今年で最後の開催と言われるスーパークロス野辺山。13回目を数える超人気大会は今年も八ヶ岳山麓の滝沢牧場を舞台とした2日間のレース。気温が低く荒天気味の初日、JCXシリーズ第4戦にあたるMEレースは織田聖が全日本チャンプジャージを着て弱虫ペダルスポンサーのレースで勝つという嬉しい勝利を挙げた。一般レースの様子もレポートします。


八ヶ岳に雪が舞う滝沢牧場でのレースだ photo:Makoto AYANO

近年の日本のシクロクロスシーンでは象徴的な人気イベントとなってきた野辺山シクロクロス。

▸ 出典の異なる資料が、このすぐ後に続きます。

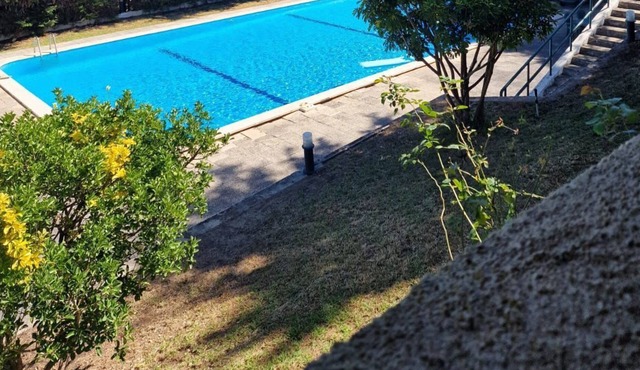 Um refúgio de tranquilidade no meio da natureza em espaço rural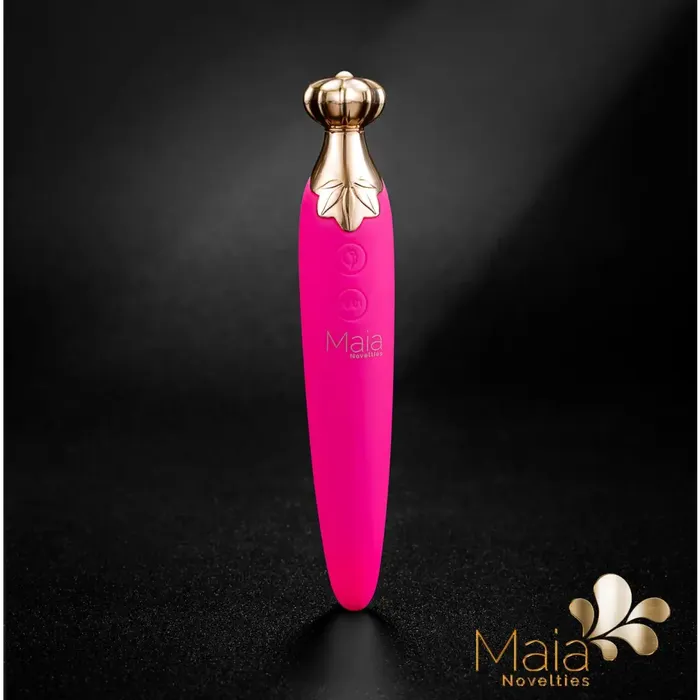 Female Sex Toys Maia Toys Vaporator Vibrating Silicone Rechargeable Vape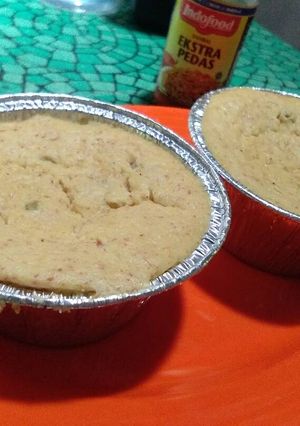 Foto resep Tahu Jagung Kukus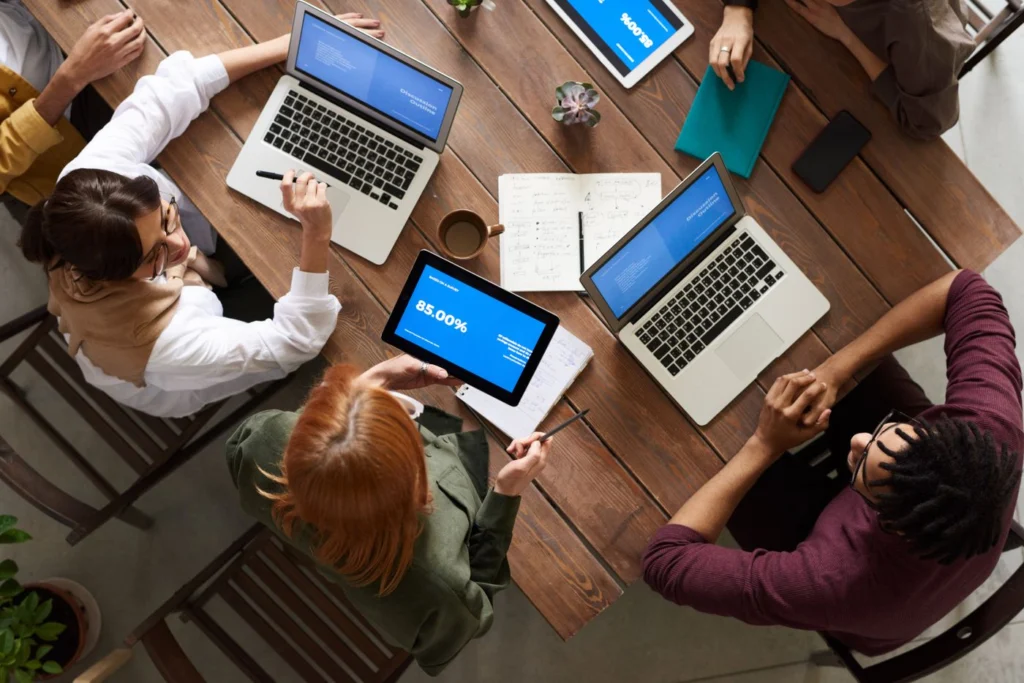 Reviewing a business website and its lead generation journey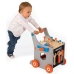 Тачка на колёсах с инструментами Janod Bricokids Magnetic DIY Trolley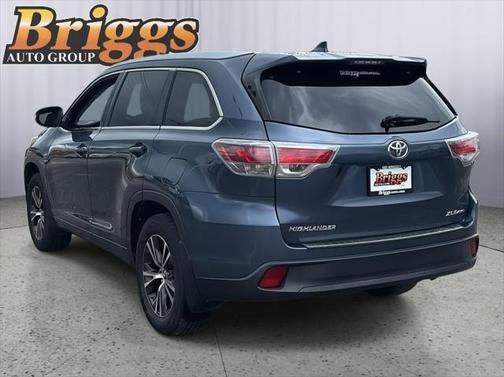2016 Toyota Highlander XLE
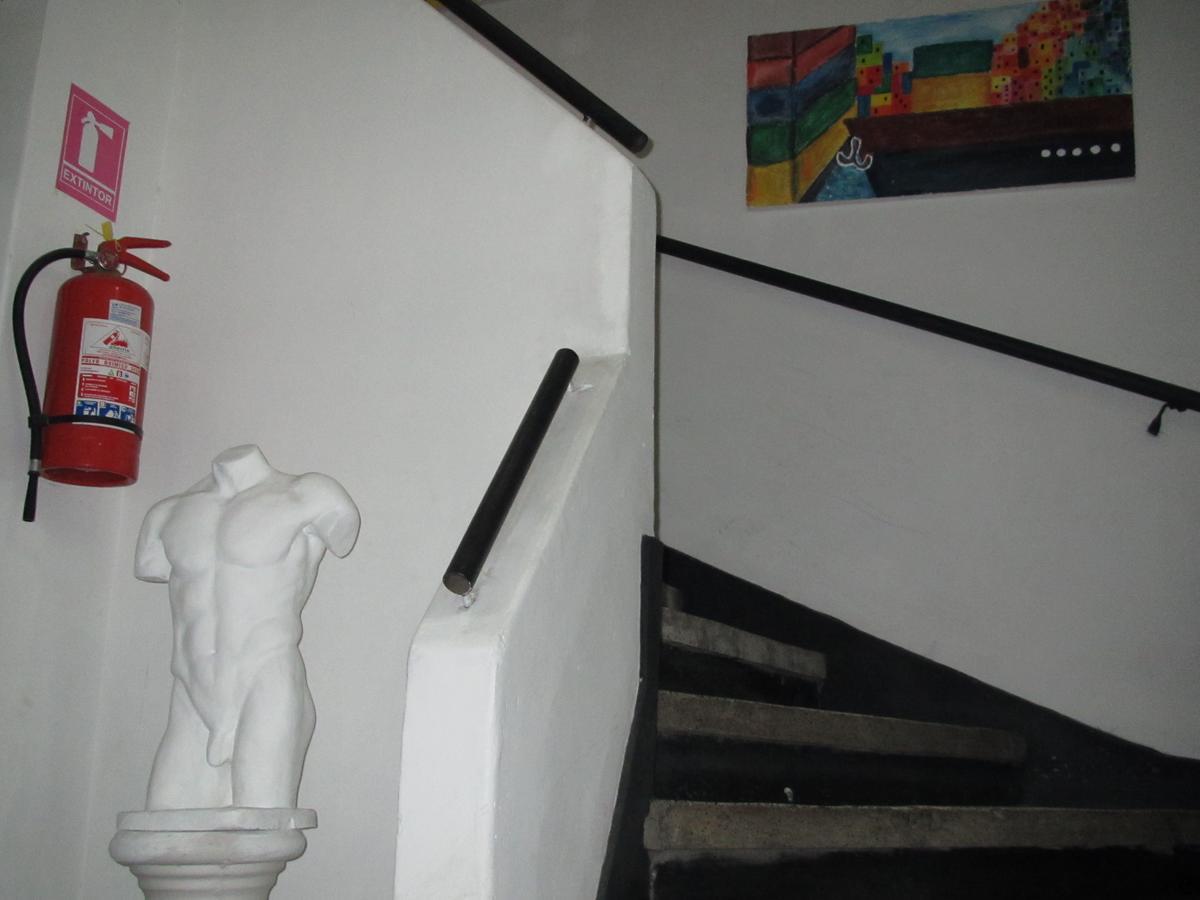 Hostal Roma Valparaiso Exterior photo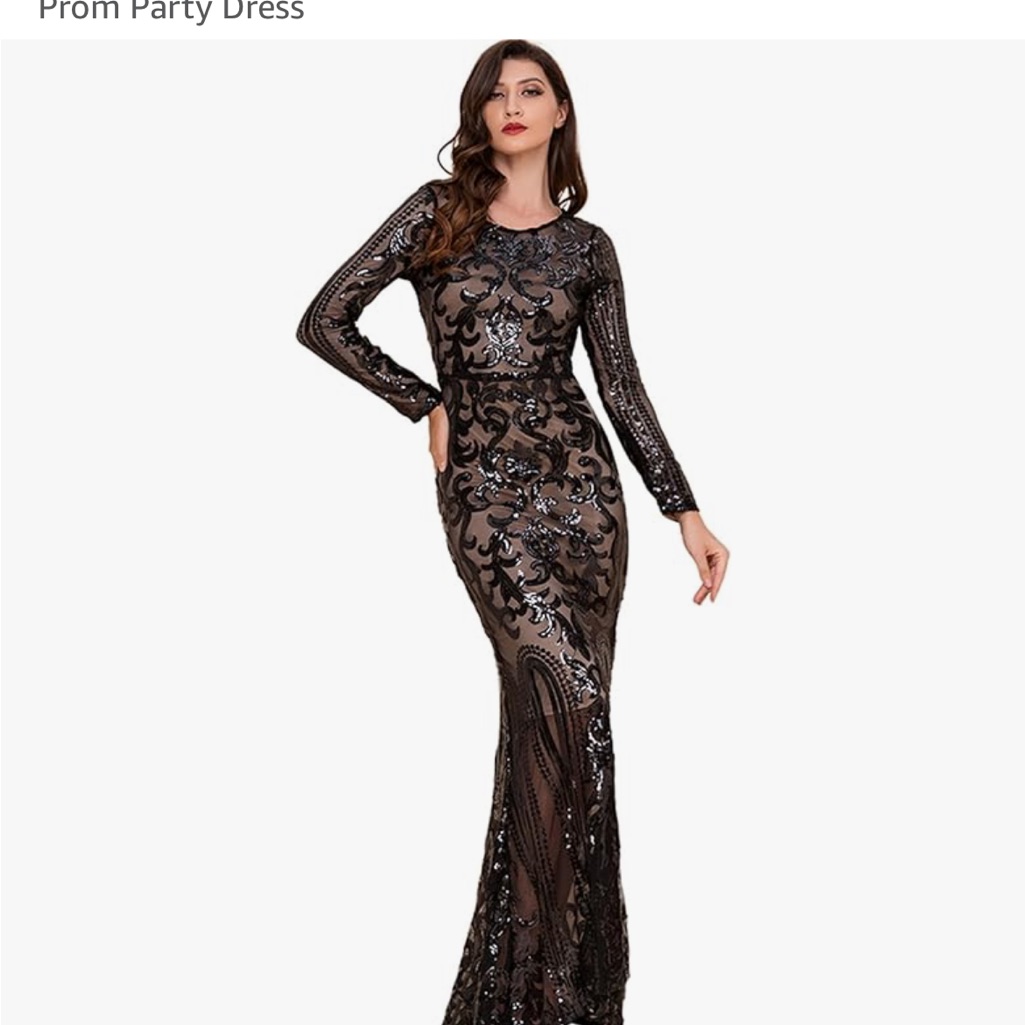 Stunning Dress That Shows Off The Curves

昨年からは弱虫ペダルがメインスポンサーに加わったが、逆に第1回大会からメインスポンサーとなってきたrapha(ラファ)がスポンサーを降りたため、今年の大会は「弱虫ペダル Supercross NOBEYAMA」の名で開催されることに。

MJ (Open)の優勝争い。逃げる成田光志(学校法人石川高等学校)に野嵜然新が迫る photo:Makoto AYANO

舞台は八ヶ岳連峰を望む滝沢牧場で、標高は1,375mという高地。国内で唯一、UCI-1認定された履歴がある国内屈指のシクロクロスコースと会場での本格CXレースでありながら、フェスのような雰囲気があり、会場の牧場では牛や馬などの動物もいて、家族で楽しめるアットホームな空間で、ファミリーで楽しめるイベントでもある。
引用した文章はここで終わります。